* **Work instruction**: What you should end up with is an exact copy of the lines from the one holding "手游聊天色彩密码解码虚拟世界中的情感表达" through the last line of the entries below, both included, and nothing else; leave every picture out.

[[ Data to examine open ]]

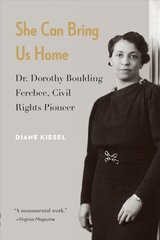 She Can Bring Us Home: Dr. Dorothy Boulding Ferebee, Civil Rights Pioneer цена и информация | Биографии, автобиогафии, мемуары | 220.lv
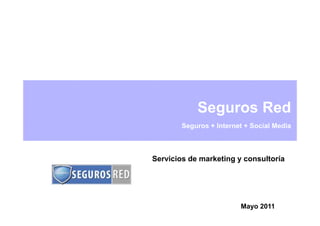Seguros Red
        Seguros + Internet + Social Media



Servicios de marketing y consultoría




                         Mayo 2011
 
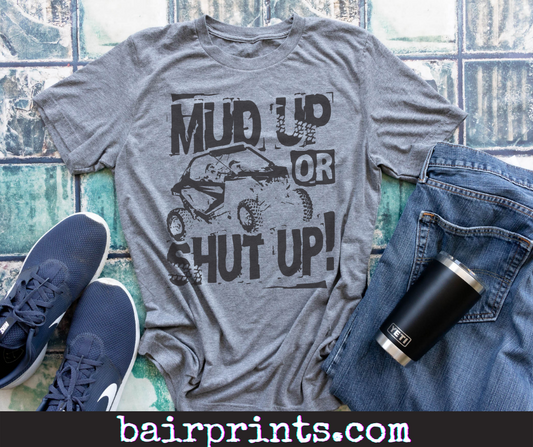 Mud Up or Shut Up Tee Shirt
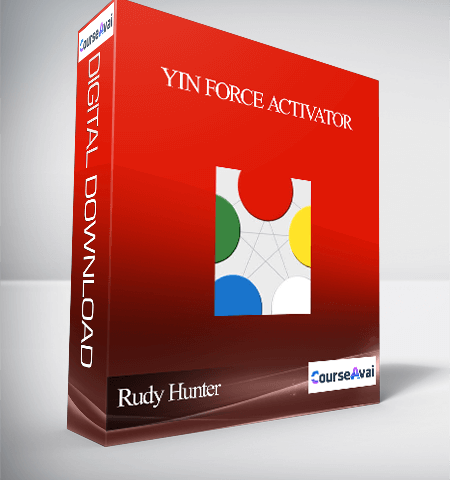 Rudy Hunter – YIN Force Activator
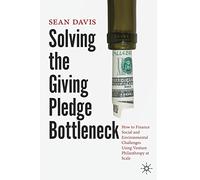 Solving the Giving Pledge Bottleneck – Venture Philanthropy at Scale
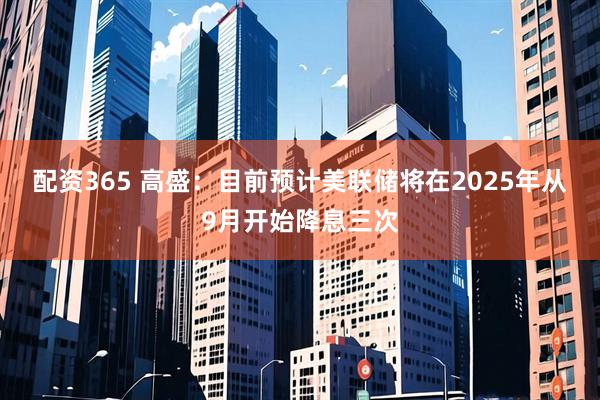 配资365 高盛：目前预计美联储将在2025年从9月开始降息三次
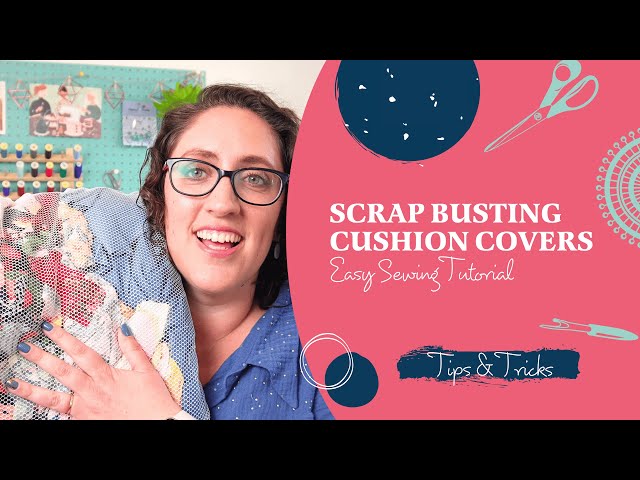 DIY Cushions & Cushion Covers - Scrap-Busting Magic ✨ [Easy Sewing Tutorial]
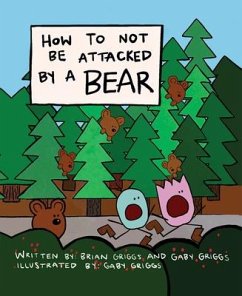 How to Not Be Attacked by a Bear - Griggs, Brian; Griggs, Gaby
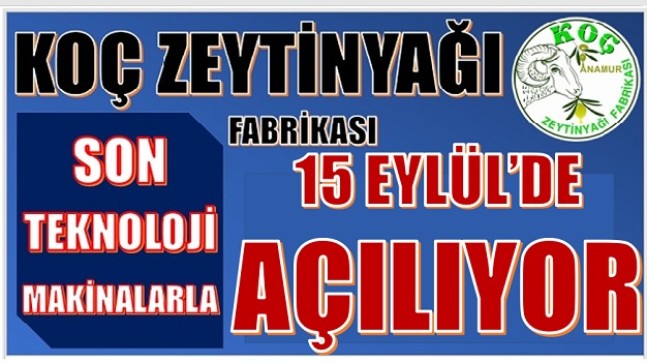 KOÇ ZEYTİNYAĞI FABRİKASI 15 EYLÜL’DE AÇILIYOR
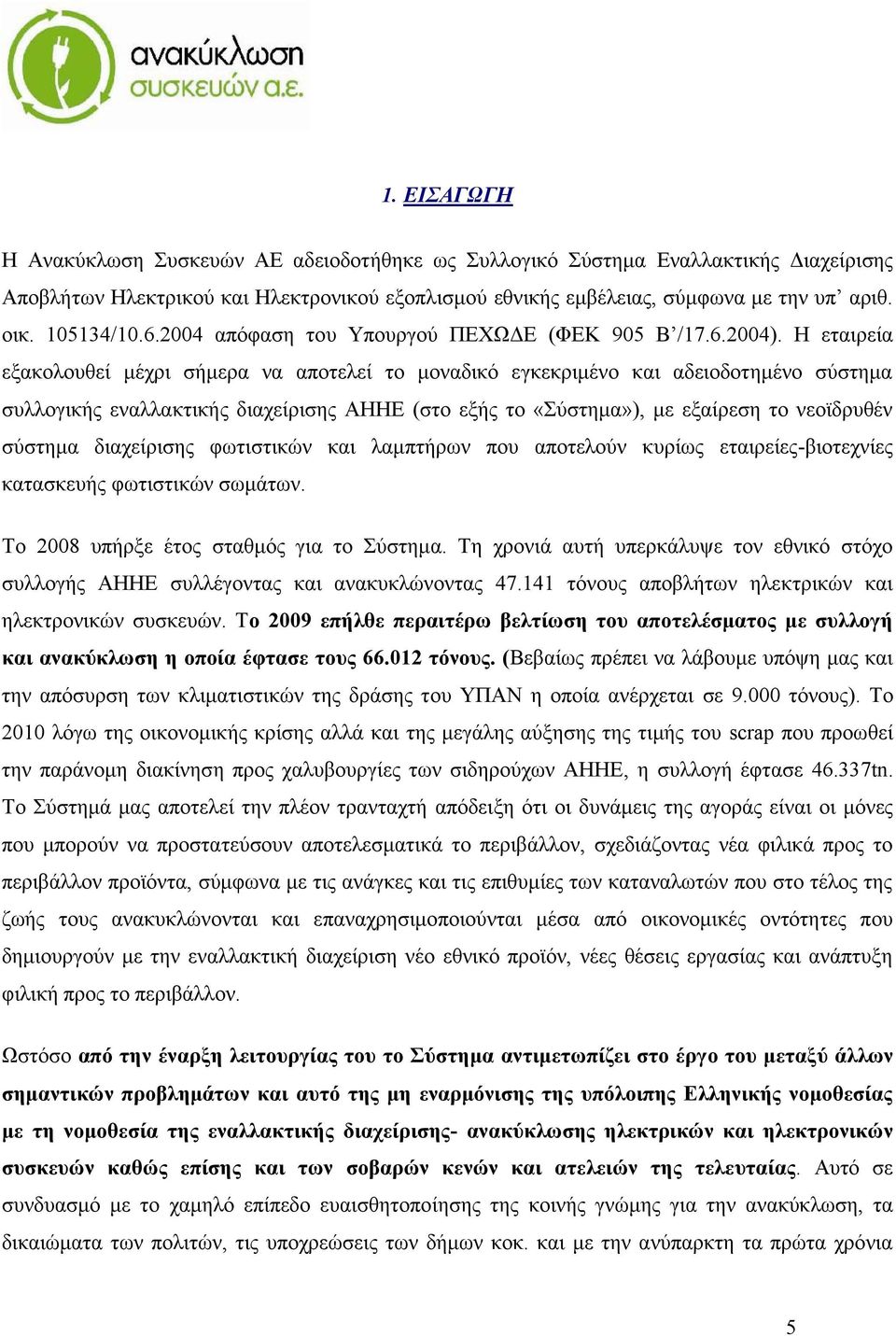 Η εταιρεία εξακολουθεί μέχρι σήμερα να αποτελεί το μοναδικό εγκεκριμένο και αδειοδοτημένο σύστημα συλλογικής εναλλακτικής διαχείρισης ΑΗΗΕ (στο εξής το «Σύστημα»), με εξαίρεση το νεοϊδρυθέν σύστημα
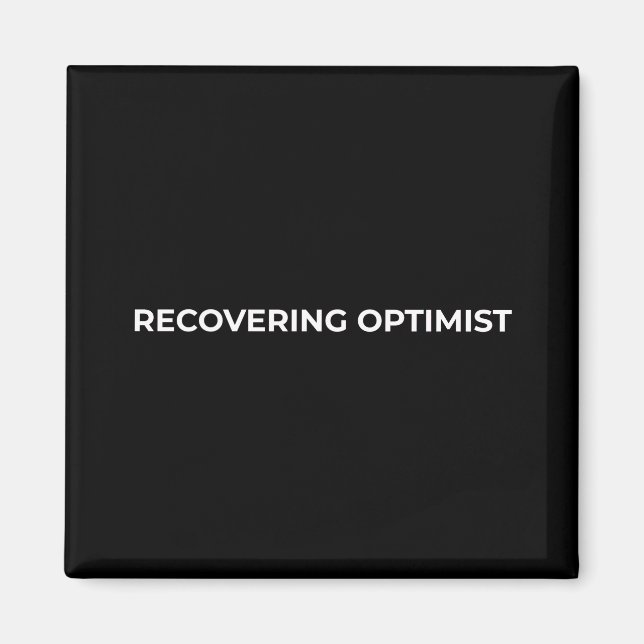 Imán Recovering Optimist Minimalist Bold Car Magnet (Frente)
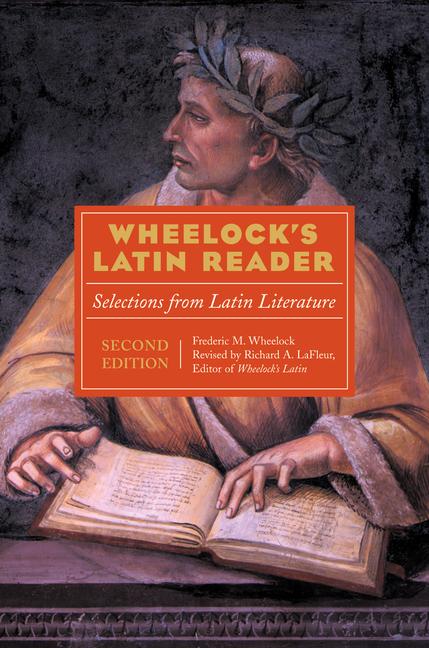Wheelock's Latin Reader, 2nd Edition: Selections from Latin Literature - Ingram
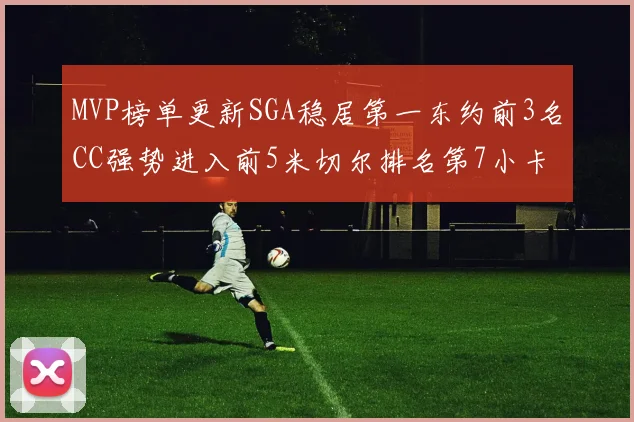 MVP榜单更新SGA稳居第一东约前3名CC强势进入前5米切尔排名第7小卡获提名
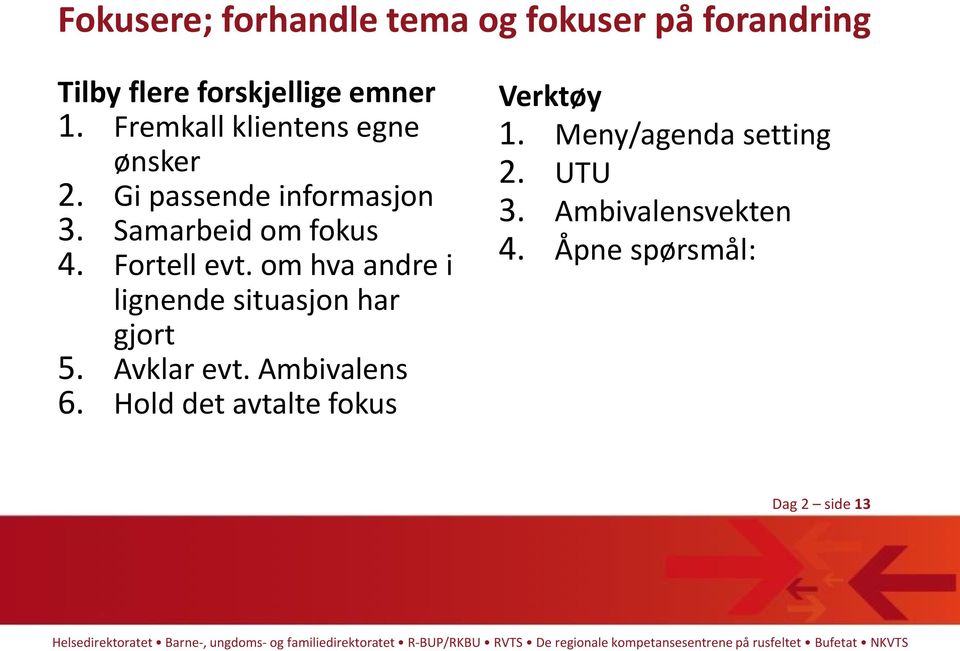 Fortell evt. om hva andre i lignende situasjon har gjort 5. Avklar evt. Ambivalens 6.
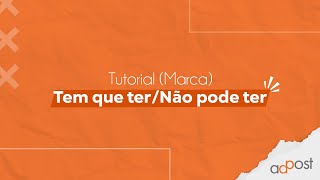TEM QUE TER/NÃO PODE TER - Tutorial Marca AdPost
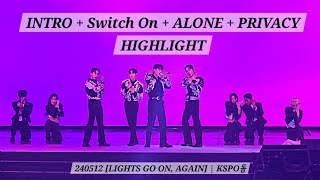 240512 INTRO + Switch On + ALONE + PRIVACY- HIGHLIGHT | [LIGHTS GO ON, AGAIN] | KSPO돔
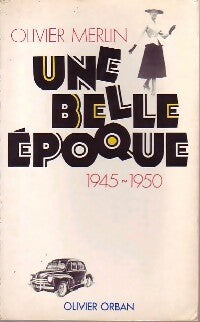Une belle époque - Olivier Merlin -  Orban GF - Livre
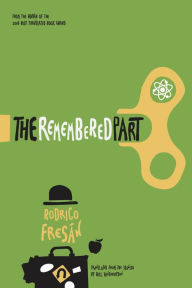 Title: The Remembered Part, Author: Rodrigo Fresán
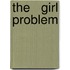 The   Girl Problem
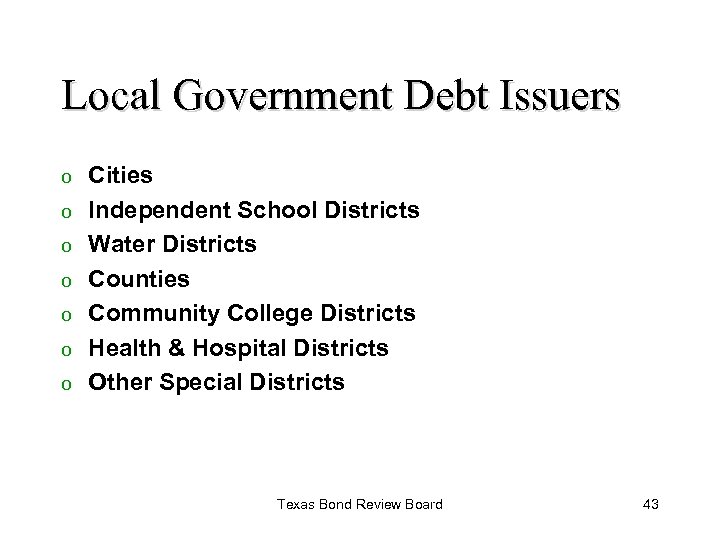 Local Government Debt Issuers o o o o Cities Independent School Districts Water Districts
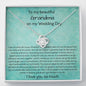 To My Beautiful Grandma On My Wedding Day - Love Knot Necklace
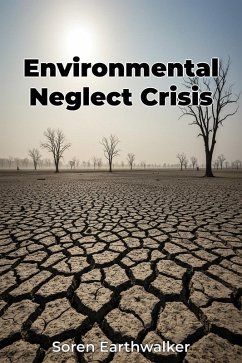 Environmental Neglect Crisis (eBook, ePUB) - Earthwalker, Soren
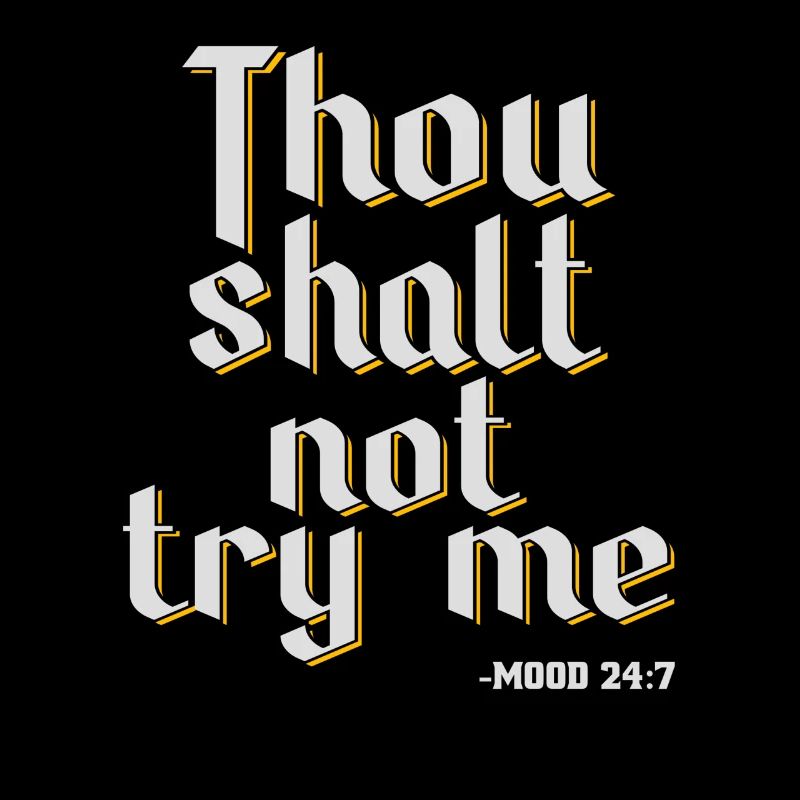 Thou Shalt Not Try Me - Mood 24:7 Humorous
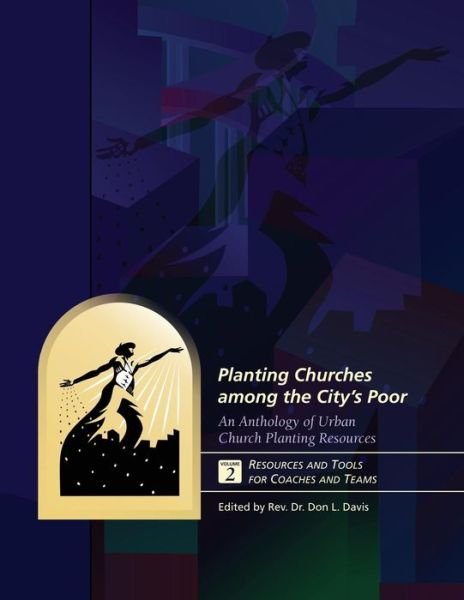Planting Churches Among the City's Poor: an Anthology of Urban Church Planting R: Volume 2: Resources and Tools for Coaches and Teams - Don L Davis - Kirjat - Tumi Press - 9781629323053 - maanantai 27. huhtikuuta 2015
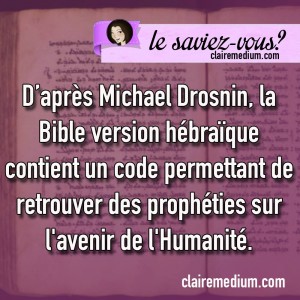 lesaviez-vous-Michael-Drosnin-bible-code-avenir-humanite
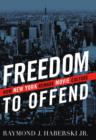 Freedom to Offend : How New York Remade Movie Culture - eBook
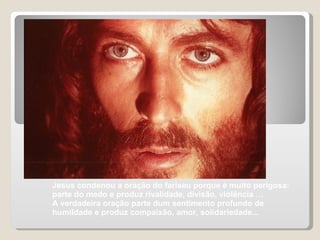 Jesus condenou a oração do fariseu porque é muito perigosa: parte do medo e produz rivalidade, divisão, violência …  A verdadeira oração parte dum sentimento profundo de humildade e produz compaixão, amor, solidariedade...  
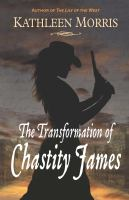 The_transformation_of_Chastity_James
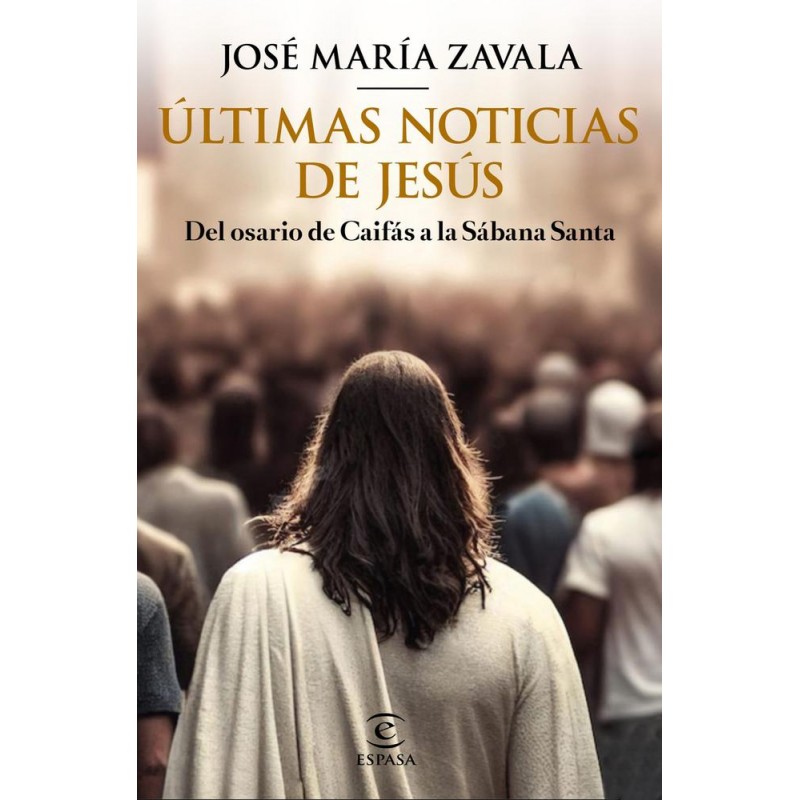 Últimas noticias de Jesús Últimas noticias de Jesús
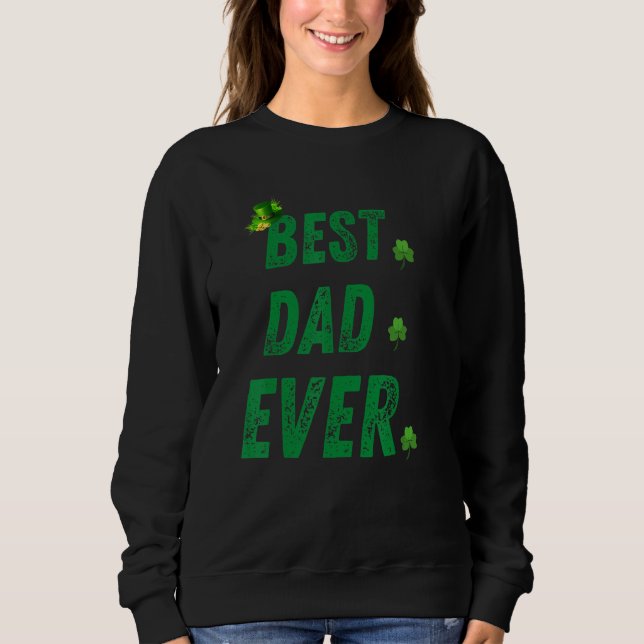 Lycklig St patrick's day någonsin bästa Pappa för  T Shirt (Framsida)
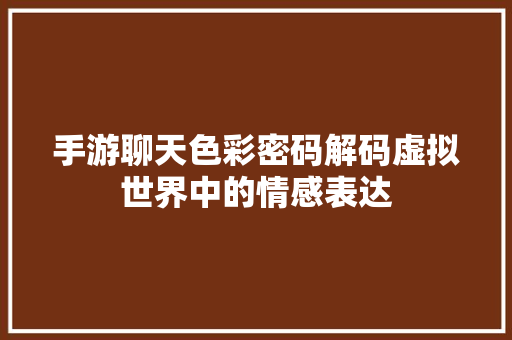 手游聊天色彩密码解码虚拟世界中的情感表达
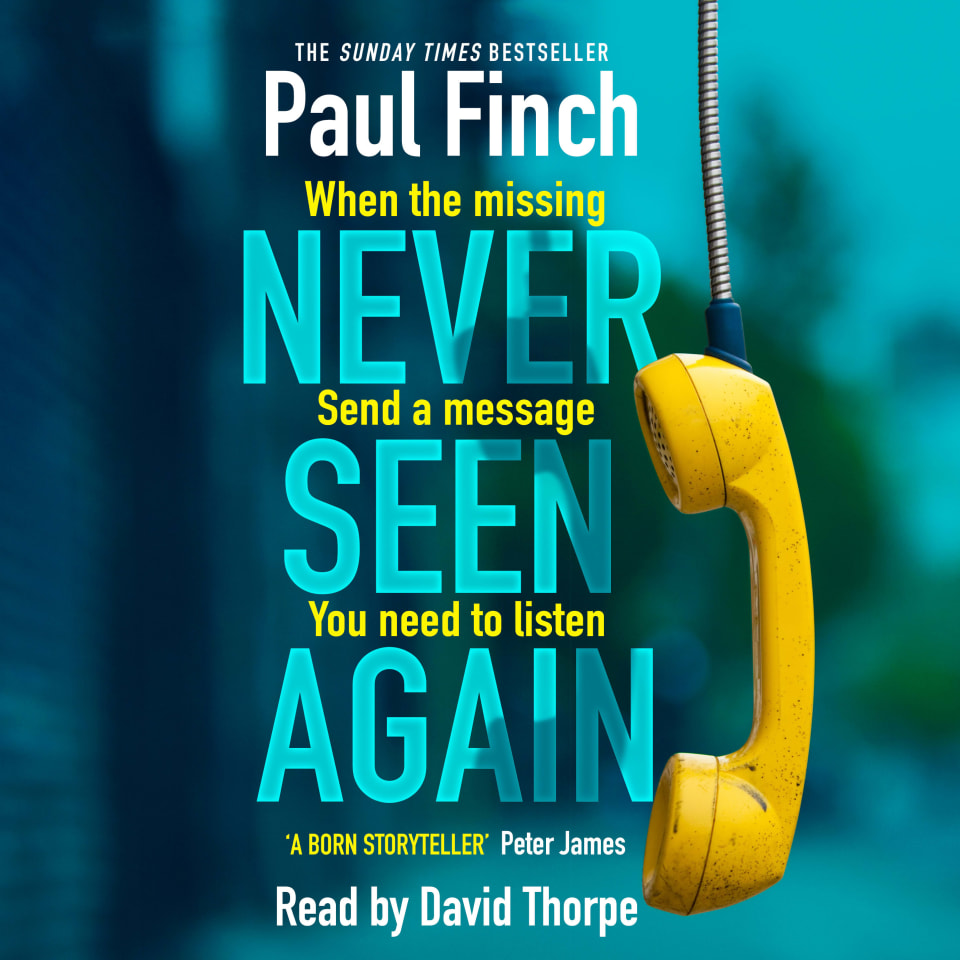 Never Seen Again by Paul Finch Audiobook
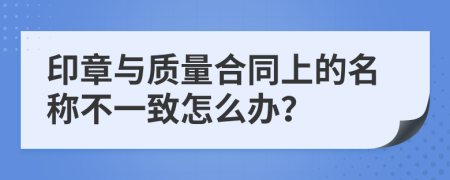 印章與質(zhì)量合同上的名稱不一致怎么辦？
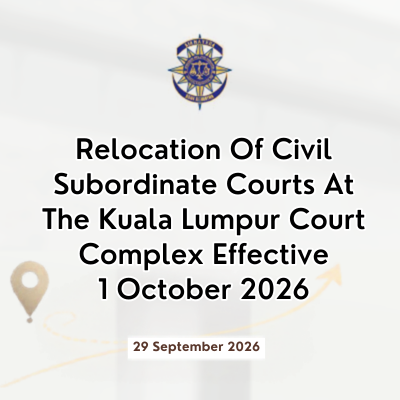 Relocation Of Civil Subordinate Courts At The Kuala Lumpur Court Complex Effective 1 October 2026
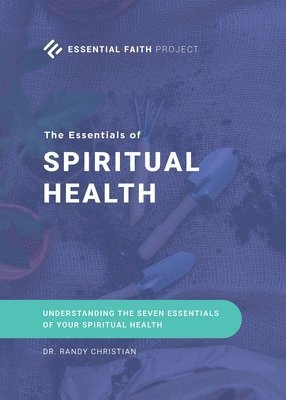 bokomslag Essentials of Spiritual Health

[[ Data to examine closed ]]

* **Response**:
 手游聊天色彩密码解码虚拟世界中的情感表达
 Never Seen Again by Paul Finch Audiobook
 印章與質(zhì)量合同上的名稱不一致怎么辦？
 Relocation Of Civil Subordinate Courts At The Kuala Lumpur Court Complex Effective 1 October 2026
 bokomslag Essentials of Spiritual Health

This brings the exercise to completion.